Seventy-five percent of the firms that source products from China had a supply chain disruption.
Conducted by the Chubb Group of Insurance Companies and Cleantech Group, the online survey of 300 clean tech executives worldwide also found that supply chain disruptions resulted in delayed deliveries (69%), erosion of profit margins (28%), brand/reputation damage (27%) and reduced revenue (26%).
“As our survey confirmed, clean tech companies continue to innovate and expand their global footprint to grow sales, reduce expenses and achieve other benefits – but sometimes without fully appreciating the potential risks,” said Sheeraz Haji, chief executive officer, Cleantech Group.
Eighty percent of survey respondents either source or sell products in at least one country beyond their homeland; nearly one-half (40%) of them are doing so in China.

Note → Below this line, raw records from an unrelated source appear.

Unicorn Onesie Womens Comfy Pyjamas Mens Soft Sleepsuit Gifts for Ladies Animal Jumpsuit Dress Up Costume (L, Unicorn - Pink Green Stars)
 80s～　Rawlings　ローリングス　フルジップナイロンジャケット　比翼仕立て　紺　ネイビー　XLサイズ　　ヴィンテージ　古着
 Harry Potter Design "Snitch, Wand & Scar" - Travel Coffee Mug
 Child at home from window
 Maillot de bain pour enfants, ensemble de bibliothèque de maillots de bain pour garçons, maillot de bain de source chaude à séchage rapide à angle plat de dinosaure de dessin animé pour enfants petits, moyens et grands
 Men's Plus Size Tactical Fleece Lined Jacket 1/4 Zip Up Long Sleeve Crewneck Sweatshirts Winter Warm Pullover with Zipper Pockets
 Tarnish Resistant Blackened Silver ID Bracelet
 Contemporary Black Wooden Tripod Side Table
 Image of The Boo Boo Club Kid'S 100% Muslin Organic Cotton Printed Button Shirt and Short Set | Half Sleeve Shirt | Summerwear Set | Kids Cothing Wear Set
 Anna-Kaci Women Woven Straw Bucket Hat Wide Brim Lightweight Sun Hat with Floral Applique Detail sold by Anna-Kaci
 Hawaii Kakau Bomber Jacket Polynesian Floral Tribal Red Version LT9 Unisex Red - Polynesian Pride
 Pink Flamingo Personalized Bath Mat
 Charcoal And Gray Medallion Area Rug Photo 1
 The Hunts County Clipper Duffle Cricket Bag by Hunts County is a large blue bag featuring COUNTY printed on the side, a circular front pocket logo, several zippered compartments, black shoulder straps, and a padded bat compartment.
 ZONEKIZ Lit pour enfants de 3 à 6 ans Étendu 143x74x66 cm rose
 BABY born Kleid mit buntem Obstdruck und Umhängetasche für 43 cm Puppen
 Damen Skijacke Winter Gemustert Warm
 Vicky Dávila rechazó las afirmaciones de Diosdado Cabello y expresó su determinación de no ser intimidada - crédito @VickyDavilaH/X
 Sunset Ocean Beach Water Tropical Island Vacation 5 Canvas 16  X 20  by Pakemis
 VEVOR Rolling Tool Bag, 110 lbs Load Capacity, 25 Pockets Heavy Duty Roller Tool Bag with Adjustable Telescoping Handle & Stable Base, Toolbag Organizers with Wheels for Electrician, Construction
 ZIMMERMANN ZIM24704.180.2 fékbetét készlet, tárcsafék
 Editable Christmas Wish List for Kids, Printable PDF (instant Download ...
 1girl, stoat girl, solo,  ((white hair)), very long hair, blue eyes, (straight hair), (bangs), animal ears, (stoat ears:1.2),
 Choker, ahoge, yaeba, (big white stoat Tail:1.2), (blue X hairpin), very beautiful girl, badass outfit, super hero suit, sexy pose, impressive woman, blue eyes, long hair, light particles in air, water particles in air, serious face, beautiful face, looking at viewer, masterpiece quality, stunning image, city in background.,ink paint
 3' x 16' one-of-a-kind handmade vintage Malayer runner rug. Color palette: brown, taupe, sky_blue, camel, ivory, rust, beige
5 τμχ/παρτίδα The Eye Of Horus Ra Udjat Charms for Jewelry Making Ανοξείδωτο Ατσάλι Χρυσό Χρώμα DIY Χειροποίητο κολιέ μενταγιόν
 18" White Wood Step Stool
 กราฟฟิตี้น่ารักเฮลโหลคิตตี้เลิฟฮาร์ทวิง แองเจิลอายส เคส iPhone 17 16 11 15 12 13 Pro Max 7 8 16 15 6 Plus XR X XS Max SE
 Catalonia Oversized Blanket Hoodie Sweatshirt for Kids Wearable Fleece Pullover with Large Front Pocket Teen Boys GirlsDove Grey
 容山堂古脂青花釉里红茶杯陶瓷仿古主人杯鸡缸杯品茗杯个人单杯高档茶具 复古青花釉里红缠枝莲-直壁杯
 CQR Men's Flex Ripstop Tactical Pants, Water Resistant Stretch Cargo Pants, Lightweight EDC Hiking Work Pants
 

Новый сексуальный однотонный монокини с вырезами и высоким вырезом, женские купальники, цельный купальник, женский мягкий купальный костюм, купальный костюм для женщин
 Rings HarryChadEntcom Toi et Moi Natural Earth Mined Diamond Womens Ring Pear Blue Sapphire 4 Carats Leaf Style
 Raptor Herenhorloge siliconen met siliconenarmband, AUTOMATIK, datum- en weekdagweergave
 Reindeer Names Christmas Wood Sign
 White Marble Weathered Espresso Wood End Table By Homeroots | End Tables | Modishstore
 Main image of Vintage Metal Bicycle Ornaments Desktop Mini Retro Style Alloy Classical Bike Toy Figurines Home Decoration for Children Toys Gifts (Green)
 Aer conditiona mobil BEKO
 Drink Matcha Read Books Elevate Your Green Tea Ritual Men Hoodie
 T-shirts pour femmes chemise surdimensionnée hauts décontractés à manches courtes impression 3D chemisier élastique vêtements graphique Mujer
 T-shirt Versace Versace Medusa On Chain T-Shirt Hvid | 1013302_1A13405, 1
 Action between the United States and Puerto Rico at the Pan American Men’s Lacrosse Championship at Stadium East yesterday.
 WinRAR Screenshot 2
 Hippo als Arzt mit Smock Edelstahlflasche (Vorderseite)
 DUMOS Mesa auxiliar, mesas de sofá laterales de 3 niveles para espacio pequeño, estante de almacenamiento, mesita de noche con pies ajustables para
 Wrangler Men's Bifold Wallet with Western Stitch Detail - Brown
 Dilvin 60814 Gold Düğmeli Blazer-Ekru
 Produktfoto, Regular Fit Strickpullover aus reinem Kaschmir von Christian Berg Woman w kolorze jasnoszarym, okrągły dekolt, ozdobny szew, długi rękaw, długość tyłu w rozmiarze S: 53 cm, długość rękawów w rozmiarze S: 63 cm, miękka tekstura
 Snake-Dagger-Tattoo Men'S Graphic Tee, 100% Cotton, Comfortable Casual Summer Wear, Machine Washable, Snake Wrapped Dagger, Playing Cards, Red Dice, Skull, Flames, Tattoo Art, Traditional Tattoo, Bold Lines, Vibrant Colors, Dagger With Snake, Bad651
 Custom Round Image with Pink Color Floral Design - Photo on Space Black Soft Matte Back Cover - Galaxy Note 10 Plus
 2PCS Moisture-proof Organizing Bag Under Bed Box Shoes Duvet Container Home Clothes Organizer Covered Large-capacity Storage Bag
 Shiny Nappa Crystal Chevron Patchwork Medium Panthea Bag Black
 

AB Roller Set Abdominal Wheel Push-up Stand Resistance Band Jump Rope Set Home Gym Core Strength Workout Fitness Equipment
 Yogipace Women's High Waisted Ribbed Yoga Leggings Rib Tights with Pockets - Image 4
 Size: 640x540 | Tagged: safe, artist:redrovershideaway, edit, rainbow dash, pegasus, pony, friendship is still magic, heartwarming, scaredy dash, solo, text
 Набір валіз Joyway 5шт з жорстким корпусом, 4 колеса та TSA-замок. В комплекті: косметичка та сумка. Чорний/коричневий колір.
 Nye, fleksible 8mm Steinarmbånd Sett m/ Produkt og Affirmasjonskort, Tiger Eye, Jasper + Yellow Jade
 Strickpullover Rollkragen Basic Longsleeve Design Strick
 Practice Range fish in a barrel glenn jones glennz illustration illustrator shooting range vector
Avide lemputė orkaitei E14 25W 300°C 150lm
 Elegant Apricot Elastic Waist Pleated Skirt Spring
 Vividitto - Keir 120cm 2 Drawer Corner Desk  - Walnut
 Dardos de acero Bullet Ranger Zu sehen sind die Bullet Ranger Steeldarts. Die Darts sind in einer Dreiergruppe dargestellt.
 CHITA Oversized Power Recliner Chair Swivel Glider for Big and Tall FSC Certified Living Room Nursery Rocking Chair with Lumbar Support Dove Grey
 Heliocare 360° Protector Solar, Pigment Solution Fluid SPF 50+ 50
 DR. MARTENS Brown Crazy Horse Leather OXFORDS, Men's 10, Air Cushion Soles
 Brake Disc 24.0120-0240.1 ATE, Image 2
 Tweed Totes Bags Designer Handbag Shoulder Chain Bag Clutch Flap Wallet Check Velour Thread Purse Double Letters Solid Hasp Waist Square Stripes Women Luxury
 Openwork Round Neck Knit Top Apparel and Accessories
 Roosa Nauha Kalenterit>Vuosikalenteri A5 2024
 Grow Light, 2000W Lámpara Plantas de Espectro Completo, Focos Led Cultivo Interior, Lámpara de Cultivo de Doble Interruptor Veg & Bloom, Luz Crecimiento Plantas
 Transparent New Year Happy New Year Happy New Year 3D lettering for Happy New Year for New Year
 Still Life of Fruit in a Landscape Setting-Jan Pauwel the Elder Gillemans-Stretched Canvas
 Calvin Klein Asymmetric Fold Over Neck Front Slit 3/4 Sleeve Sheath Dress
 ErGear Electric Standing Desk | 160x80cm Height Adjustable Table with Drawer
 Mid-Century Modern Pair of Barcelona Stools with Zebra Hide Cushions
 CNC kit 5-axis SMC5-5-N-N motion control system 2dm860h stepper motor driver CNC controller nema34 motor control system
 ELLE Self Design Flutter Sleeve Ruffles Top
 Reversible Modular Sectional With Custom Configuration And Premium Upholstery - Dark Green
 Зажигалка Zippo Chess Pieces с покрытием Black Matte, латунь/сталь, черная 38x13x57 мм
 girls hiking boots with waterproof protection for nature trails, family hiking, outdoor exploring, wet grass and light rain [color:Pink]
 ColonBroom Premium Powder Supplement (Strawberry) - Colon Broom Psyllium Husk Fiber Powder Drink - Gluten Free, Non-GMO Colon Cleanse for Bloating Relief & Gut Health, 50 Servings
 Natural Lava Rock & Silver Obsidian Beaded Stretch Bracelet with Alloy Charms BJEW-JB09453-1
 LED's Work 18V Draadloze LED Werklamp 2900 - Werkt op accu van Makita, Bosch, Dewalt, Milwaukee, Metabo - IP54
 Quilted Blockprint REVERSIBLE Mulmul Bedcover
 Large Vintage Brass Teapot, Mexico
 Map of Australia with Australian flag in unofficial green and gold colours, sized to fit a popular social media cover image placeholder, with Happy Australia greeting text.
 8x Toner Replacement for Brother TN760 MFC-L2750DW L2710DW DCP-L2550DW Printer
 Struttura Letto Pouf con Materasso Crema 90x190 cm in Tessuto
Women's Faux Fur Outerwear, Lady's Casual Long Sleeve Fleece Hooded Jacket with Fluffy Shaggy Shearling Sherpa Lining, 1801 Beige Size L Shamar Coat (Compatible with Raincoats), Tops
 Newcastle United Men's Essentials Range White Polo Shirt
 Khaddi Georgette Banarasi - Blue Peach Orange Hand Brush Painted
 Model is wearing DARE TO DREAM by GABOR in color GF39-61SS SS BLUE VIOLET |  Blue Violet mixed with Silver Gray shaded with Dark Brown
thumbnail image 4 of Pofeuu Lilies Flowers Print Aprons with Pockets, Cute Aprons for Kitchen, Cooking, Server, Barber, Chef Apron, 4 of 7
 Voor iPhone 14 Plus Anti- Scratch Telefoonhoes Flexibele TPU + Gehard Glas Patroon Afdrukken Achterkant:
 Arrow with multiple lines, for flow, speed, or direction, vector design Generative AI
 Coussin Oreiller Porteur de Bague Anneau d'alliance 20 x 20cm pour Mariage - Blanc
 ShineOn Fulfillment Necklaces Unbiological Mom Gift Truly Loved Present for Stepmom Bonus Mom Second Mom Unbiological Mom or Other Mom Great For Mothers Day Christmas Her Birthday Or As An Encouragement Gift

Government regulations, increased intellectual property risk and differing cultural practices were noted as the top three barriers to market entry in other countries.
“Operating beyond borders can be tricky,” noted Amy Ingram, vice president and worldwide clean tech manager for Chubb. “Clean tech companies should consider implementing greater measures to mitigate their vulnerability to supply chain disruptions.”
Though 46 percent of executives planned to pilot new projects in another location, the majority of respondent failed to consider the potential for devastating damages, the report stated.
Although clean tech companies employ a variety of supply chain risk mitigation practices, they put some of the best practices in place only infrequently. Only 23% track product shipments and even fewer purchase insurance (11%) and ensure that suppliers have business interruption plans (11%). In addition, 70% of clean tech companies do not have a written supply chain disruption plan.